There's a sentimental, heartfelt moral lesson: TV, that most democratic and far-reaching of mediums, is better when a broad range of perspectives and experiences are included as input.

Kaling is Molly, a young woman with no professional comedy experience, although she used to crack up her fellow employees at the chemical plant where she worked in quality control. Through a fortuitous corporate-ownership connection — the same behemoth that runs the plant also controls the network — she applies for a "Late Night" writing job, the fulfillment of her lifelong dream.

This opportunity comes about because the host of "Late Night" is desperately trying to hold onto her program. Katherine Newbury (Emma Thompson) was once the hottest star in her time slot. But, having outlasted both Jay Leno and David Letterman — as well as other competitors in between — after 28 years she's become stale, without realizing that this has occurred.

Katherine favors substantial guests such as presidential historian Doris Kearns Goodwin. But she's told that Jimmy Fallon gets a bigger audience by having guests wash a sheepdog with him. Katherine is also strangely clueless about social media, which she's never used, and has the additional distraction of an ailing husband, Walter (John Lithgow).

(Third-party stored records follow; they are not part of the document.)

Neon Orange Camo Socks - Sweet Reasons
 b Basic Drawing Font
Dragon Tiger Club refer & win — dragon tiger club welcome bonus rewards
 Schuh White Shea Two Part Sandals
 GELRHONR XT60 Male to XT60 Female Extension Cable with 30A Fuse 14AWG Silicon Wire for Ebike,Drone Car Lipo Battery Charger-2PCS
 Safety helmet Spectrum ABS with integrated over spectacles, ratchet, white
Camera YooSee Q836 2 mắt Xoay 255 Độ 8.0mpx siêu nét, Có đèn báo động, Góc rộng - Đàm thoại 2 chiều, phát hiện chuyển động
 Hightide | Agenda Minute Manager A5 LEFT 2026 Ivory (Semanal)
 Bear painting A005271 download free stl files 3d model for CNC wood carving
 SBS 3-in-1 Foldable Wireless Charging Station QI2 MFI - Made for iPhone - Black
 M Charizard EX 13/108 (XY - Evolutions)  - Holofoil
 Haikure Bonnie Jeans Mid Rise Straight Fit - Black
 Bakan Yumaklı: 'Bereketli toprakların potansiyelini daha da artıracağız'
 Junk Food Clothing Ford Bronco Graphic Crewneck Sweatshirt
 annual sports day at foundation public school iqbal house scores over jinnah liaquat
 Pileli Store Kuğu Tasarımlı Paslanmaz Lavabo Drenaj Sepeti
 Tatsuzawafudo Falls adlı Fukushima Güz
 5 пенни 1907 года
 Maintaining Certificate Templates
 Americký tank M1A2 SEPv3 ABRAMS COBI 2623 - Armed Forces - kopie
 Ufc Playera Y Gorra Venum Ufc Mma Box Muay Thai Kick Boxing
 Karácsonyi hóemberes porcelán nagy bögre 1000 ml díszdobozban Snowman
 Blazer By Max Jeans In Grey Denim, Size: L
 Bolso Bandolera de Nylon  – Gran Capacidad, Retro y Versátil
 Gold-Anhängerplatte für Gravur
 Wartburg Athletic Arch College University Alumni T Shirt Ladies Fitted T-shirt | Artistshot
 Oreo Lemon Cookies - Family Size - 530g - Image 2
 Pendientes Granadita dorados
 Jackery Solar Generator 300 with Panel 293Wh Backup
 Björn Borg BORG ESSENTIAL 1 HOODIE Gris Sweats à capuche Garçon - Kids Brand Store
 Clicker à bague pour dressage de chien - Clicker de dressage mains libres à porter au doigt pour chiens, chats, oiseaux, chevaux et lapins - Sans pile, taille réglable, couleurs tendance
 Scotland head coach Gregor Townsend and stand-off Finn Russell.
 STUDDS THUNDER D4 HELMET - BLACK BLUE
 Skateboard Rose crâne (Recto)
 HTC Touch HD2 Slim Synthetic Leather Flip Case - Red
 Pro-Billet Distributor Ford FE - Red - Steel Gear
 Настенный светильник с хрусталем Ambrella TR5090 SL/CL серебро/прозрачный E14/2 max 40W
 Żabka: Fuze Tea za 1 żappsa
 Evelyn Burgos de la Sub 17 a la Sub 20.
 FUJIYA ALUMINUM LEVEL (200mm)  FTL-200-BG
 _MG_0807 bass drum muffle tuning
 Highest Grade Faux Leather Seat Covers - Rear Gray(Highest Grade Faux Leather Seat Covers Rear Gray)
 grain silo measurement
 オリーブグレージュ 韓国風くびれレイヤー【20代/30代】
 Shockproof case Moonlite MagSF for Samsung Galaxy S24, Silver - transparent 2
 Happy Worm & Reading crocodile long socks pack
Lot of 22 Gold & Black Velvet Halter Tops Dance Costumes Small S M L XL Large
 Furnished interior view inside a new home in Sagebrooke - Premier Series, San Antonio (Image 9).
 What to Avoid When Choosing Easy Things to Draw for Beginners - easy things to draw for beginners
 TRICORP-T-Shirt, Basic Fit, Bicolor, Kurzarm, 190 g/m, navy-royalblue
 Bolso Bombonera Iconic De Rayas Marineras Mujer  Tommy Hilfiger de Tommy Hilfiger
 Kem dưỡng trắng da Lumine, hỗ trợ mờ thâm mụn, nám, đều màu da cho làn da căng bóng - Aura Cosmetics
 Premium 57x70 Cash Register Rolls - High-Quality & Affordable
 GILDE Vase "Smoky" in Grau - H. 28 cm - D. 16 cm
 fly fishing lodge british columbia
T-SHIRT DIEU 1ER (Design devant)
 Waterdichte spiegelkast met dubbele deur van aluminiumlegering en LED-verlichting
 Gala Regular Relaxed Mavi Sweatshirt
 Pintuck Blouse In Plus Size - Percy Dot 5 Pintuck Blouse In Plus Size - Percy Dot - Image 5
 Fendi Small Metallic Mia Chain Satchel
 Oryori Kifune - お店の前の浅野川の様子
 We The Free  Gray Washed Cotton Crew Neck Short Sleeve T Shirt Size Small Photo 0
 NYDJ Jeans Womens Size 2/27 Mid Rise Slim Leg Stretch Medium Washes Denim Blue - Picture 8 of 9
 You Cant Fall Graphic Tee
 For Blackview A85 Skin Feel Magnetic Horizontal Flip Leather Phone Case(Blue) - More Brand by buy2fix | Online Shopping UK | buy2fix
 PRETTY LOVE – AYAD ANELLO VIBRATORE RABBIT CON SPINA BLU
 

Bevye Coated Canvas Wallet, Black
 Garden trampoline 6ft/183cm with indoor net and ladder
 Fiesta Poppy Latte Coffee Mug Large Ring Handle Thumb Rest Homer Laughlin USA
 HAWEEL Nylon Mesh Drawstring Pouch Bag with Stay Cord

Finally, the network head, Caroline (Amy Ryan), tells Katherine she's being canceled, and she has a potty-mouthed comedian, Daniel (Ike Barinholtz) waiting in the wings to replace her.

Rather than cave, Katherine somehow takes it as a challenge, forcing her to reconnect with her writers. Too lazy to learn names, she assigns them numbers. And Molly becomes the single "diversity hire" in a cynical scheme to create a veneer of multiculturalism.

Molly finds herself not so much in a hostile workplace as a clueless one filled through an old-boy network filled with anxious tics and neuroses. Kaling obviously has too much affection for TV to make a lacerating attack on how the product is manufactured.

Molly, in her effervescent manner, produces ways for Katherine to freshen her presentation, express her femininity and reconnect with her audiences, which works well until a sex scandal threatens to derail everyone's career.

The gags are uneven and some viewers might feel that the same material was often handled more deftly on Tina Fey's "30 Rock." But Kaling isn't about to hector anyone, preferring to sprint toward a joyful ending.

The film contains some references to sexual activity, scatological references, and some rough and crude language and profanities. The Catholic News Service classification is A-III — adults. The Motion Picture Association of America rating is R — restricted. Under 17 requires accompanying parent or adult guardian.